======== Data for this exercise ========
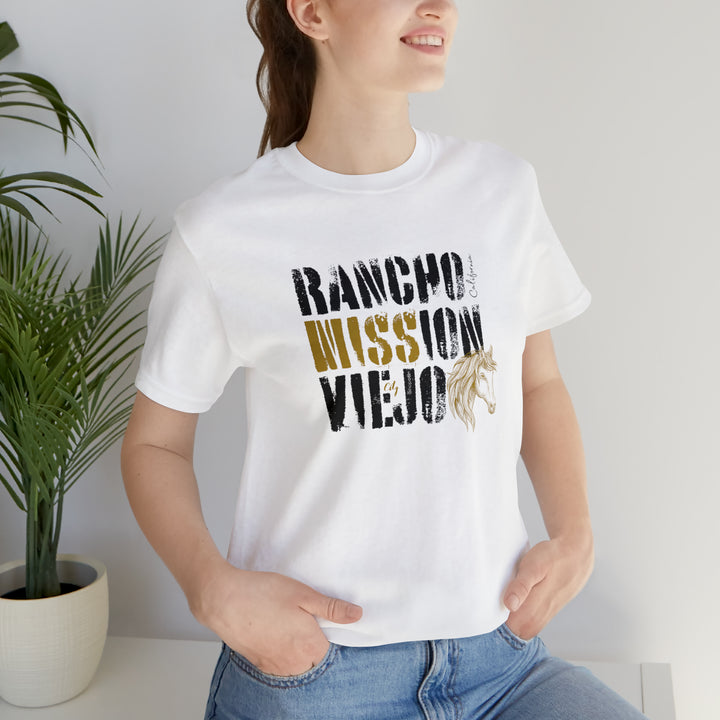 Rancho Mission Viejo Short Sleeve Tee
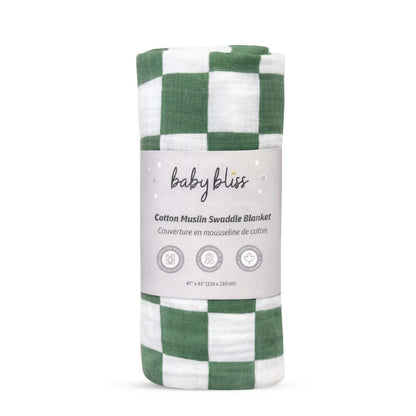 Muslin Swaddle Blanket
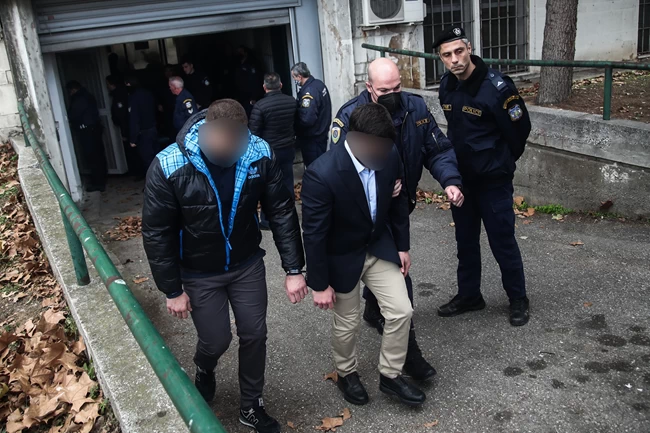 Δολοφονία Καμπανού: Προκαλεί ο 4ος κατηγορούμενος - "Η παρέα του Άλκη ξεκίνησε τη συμπλοκή"
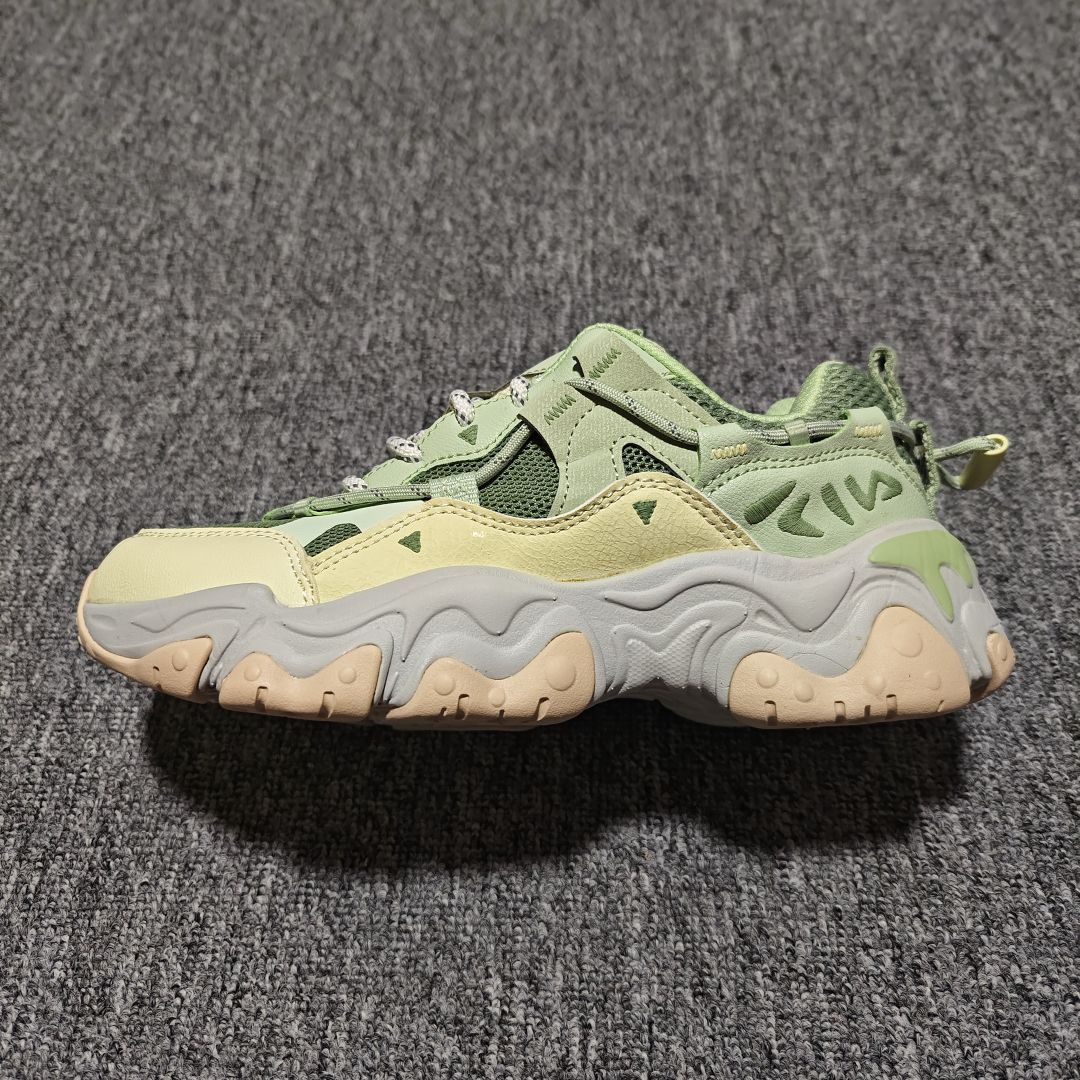  福利特价🔥 韩国超火爆款 FILA 斐乐 Fluid 5 猫爪 厚底老爹运动休闲鞋 全系列清仓特价 全
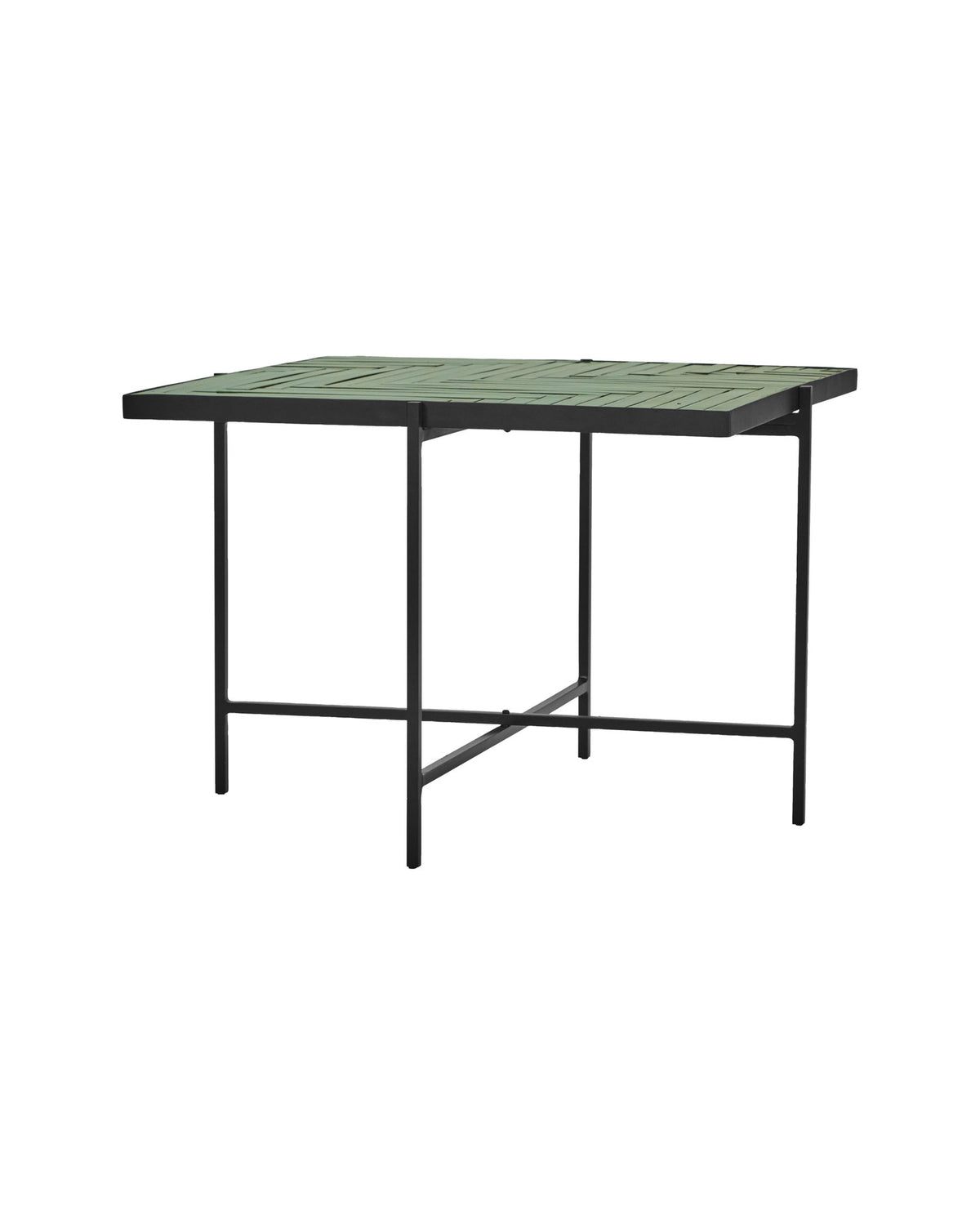 Couchtisch, HDGrade, Grün in Grün präsentiert im Onlineshop von KAQTU Design AG. Beistelltisch ist von House Doctor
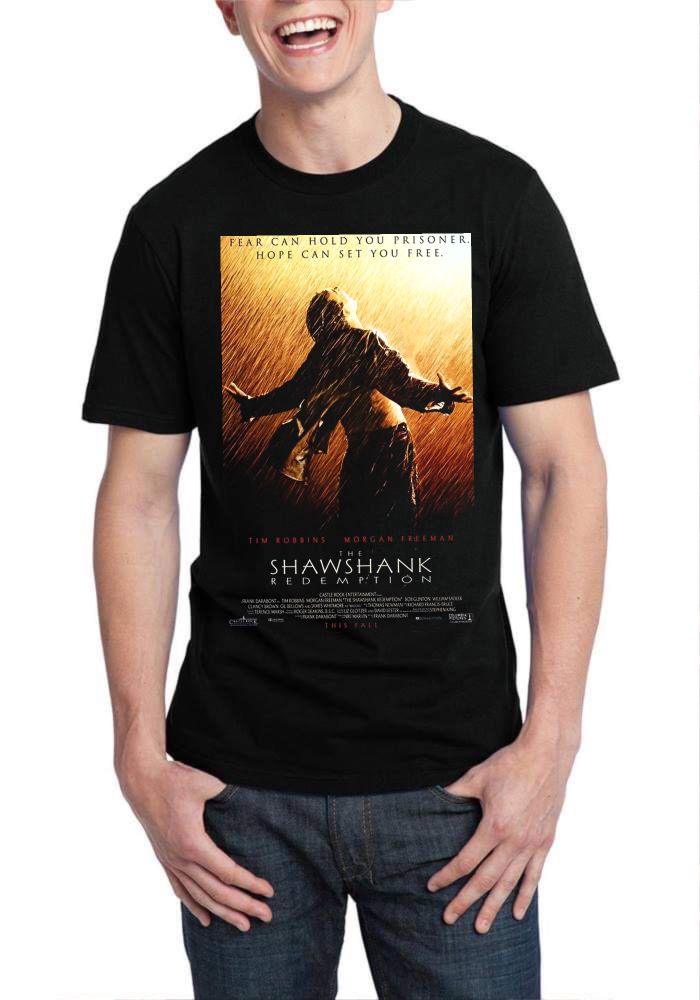 The Shawshank Redemption T-Shirt Style009 Hoodie, Sweatshirt | CoreVibeTees.com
========
Your assignment:
Could you reproduce every record above exactly, leaving out any pictures?

Reply to the exercise:
 Rancho Mission Viejo Short Sleeve Tee
 Muslin Swaddle Blanket
 Δολοφονία Καμπανού: Προκαλεί ο 4ος κατηγορούμενος - "Η παρέα του Άλκη ξεκίνησε τη συμπλοκή"
  福利特价🔥 韩国超火爆款 FILA 斐乐 Fluid 5 猫爪 厚底老爹运动休闲鞋 全系列清仓特价 全
 Couchtisch, HDGrade, Grün in Grün präsentiert im Onlineshop von KAQTU Design AG. Beistelltisch ist von House Doctor
 The Shawshank Redemption T-Shirt Style009 Hoodie, Sweatshirt | CoreVibeTees.com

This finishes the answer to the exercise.